Thanks for the insight.
Although vague on his draft plans, Schneider offered some details for how the team will address its free agency.
He indicated that the Seahawks likely will pass on using the franchise tag to keep around one of seven Seattle players expected to become free agents in March for a third straight season.
“We’re still evaluating that,” he said. “I don’t necessarily see us using it.”
Defensive linemen Jason Jones and Alan Branch, along with cornerback Marcus Trufant remain possibilities to return to Seattle.
And while it may not be the team’s first choice, Schneider said the Seahawks would be willing to part ways with backup quarterback Matt Flynn.
However, Schneider indicated it’s not a slam dunk Flynn will be on another team in 2013, as he likes the talent level at the quarterback position.
“I think we have a great setup,” Schneider said. “I feel very blessed that we have two quarterbacks like this, two starting-caliber guys. What happened last year didn’t really have a reflection on what Matt did — or Tarvaris for that matter — it was really what Russell did in kind of stepping forward and taking charge. And the way he performed in the preseason was really hard to argue — I think he was like 12 of 18 on his possessions, or something like that (for scoring drives during the preseason).
“So we feel really blessed with our situation right now. And it’s so early — everybody’s involved in their draft meetings — so it’s not like I’ve had a chance to sit down with other general managers, or some of the other people that I’m close with through the league to talk about what their situation is.
“But as you guys well know, we’re always going to listen to everything. And if we’re not doing that, we feel like we’re not doing our job. But that doesn’t necessarily mean that we will do something with Matt.”
Asked if Flynn’s 2013 base salary of $5.25 million is a deterrent for keeping him on the roster, Schneider didn’t hesitate.
“No, because we have different models set up in our cap,” Schneider said. “And obviously we have a model that includes Matt — our primary model.”
Seattle likely will have some competition in the quarterback market, with another veteran quarterback expected available via trade in San Francisco backup quarterback Alex Smith.
The University of Utah product was replaced by Colin Kaepernick midway through the season last year, but still has some value on the market. Smith finished with a 104.1 passer rating in 2012 before he was replaced by Kaepernick.
Expect Schneider to keep a close tabs on what’s happening in San Francisco, because the possibility of the 49ers moving Smith likely affects the trade value of Flynn.
“We’re going to look at all options available,” San Francisco general manager Trent Baalke said, when asked about the possibility of trading Smith. “Are we going to trade him for sure? No, that hasn’t been decided.”
Smith, 28, is more of a known commodity. He’s 38-36-1 as a starter, with 81 touchdowns, 63 interceptions and a career 79.1 passer rating.

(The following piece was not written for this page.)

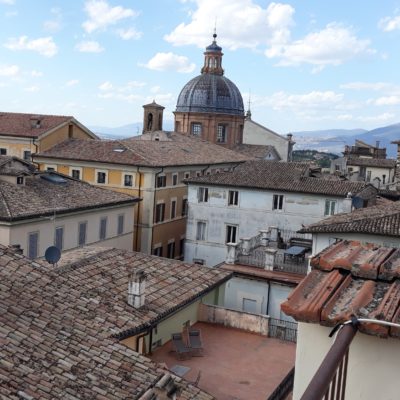 Spoleto vendesi appartamento centro storico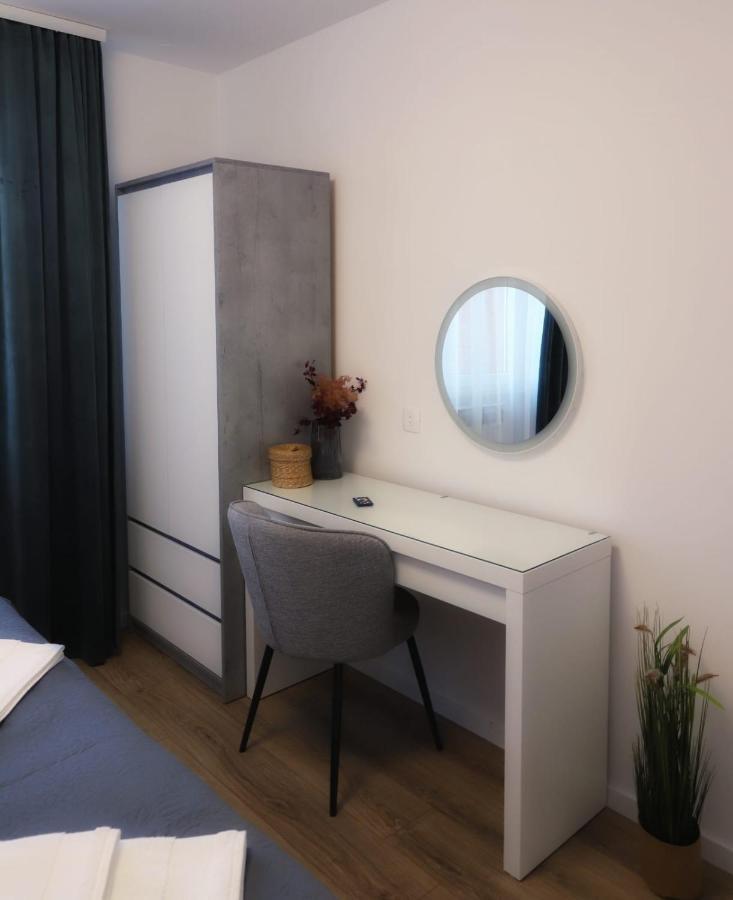 Apartman Nila Apartment วูโควาร์ ภายนอก รูปภาพ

Flynn, 27, could have a higher ceiling, with nine touchdowns, five interceptions and a career 92.0 passer rating in two starts.
Schneider said that Flynn wants another chance to earn a starting job, and Seattle will look to provide that chance if it makes sense to the organization.
“I don’t think anybody in the National Football League is content to be a backup,” Schneider said. “So, I wouldn’t think he’s content, no. I think he would want an opportunity to start, and is extremely confident in his abilities. That’s why he came to Seattle. He told me that he wanted this to be his team.”